EXERCISE GOAL. Everything from the line containing "How to Check" to the last line of the listing below should be restated exactly, both ends included, with nothing added and the pictures omitted.

DATA.
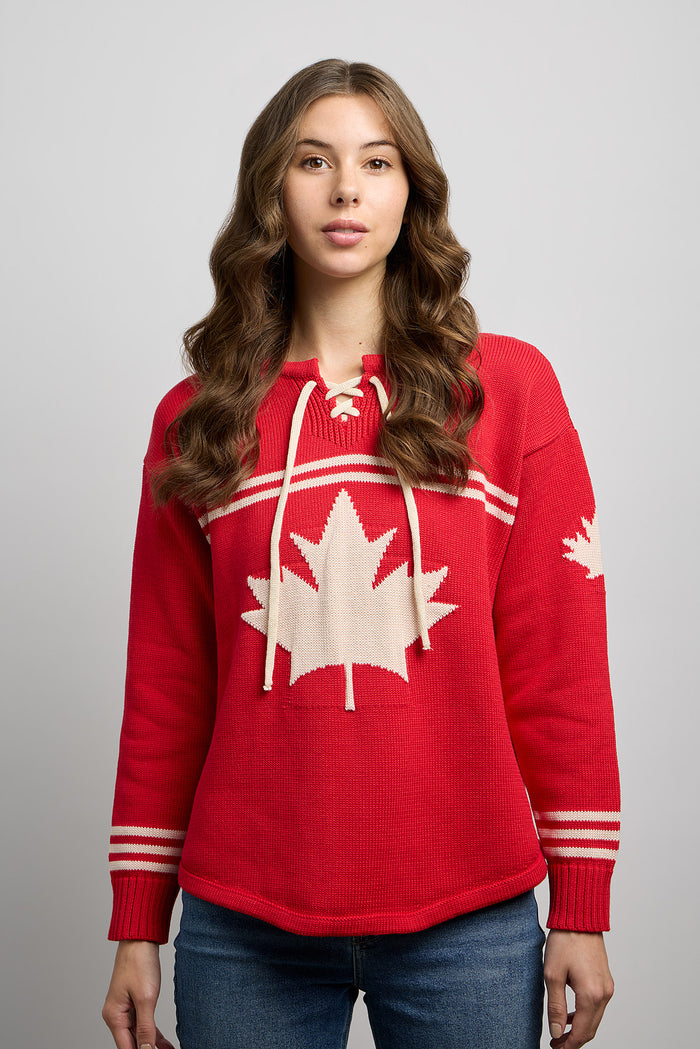Canadiana 100% Cotton Hockey Sweater - 2 Colours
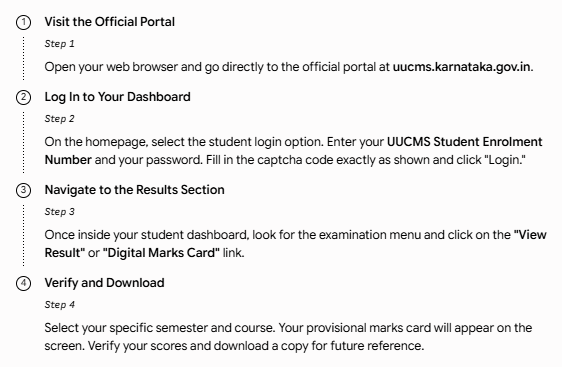 How to Check Karnataka UUCMS Semester Results Online?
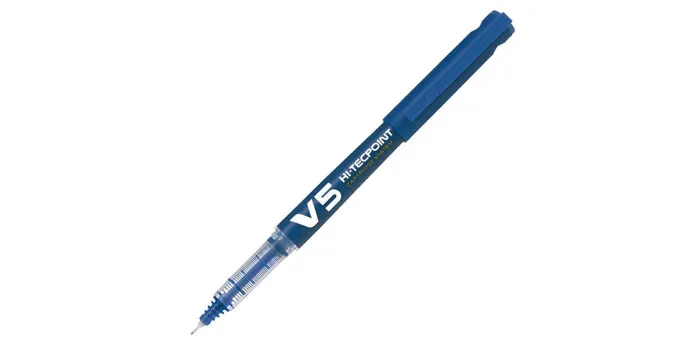 Pilot V5 Cartridge System Blue Pen Detail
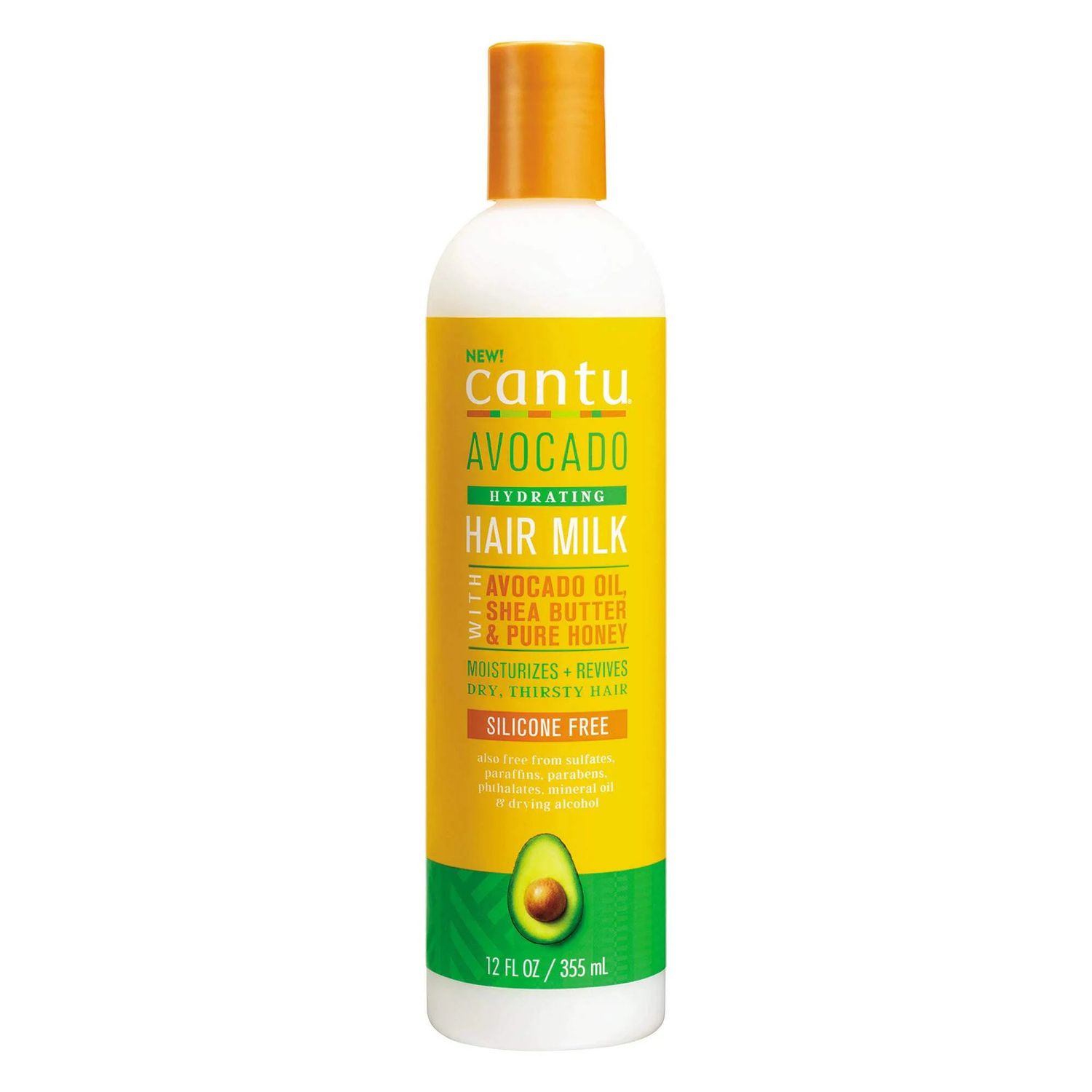 CANTU AVOCADO HYDRATING HAIR MILK WITH AVOCADO OIL, SHEA BUTTER  &amp; PURE HONEY (SILICONE-FREE)  355ml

ANSWER.
 How to Check Karnataka UUCMS Semester Results Online?
 Pilot V5 Cartridge System Blue Pen Detail
 CANTU AVOCADO HYDRATING HAIR MILK WITH AVOCADO OIL, SHEA BUTTER  &amp; PURE HONEY (SILICONE-FREE)  355ml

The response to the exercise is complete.